• _Supplied information_:
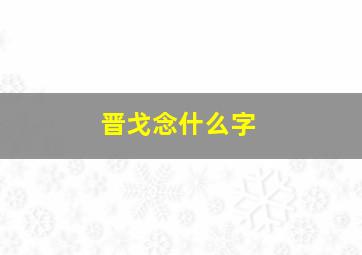 晋戈念什么字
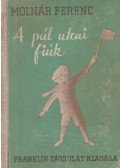 Molnár Ferenc - A Pál-utcai fiúk
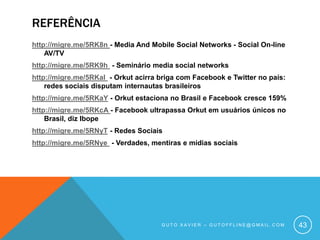 Referênciahttp://migre.me/5RK8n - Media And Mobile Social Networks - Social On-line AV/TVhttp://migre.me/5RK9h  - Seminário media social networks http://migre.me/5RKal  - Orkut acirra briga com Facebook e Twitter no país: redes sociais disputam internautas brasileiroshttp://migre.me/5RKaY - Orkut estaciona no Brasil e Facebook cresce 159%http://migre.me/5RKcA - Facebook ultrapassa Orkut em usuários únicos no Brasil, diz Ibopehttp://migre.me/5RNyT - Redes Sociaishttp://migre.me/5RNye  - Verdades, mentiras e mídias sociaisGuto xavier – gutoffline@gmail.com43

• _Problem_: If you see a picture in the listing, skip it while copying everything else exactly.

• _Worked solution_:
 晋戈念什么字
 Molnár Ferenc - A Pál-utcai fiúk
 Referênciahttp://migre.me/5RK8n - Media And Mobile Social Networks - Social On-line AV/TVhttp://migre.me/5RK9h  - Seminário media social networks http://migre.me/5RKal  - Orkut acirra briga com Facebook e Twitter no país: redes sociais disputam internautas brasileiroshttp://migre.me/5RKaY - Orkut estaciona no Brasil e Facebook cresce 159%http://migre.me/5RKcA - Facebook ultrapassa Orkut em usuários únicos no Brasil, diz Ibopehttp://migre.me/5RNyT - Redes Sociaishttp://migre.me/5RNye  - Verdades, mentiras e mídias sociaisGuto xavier – gutoffline@gmail.com43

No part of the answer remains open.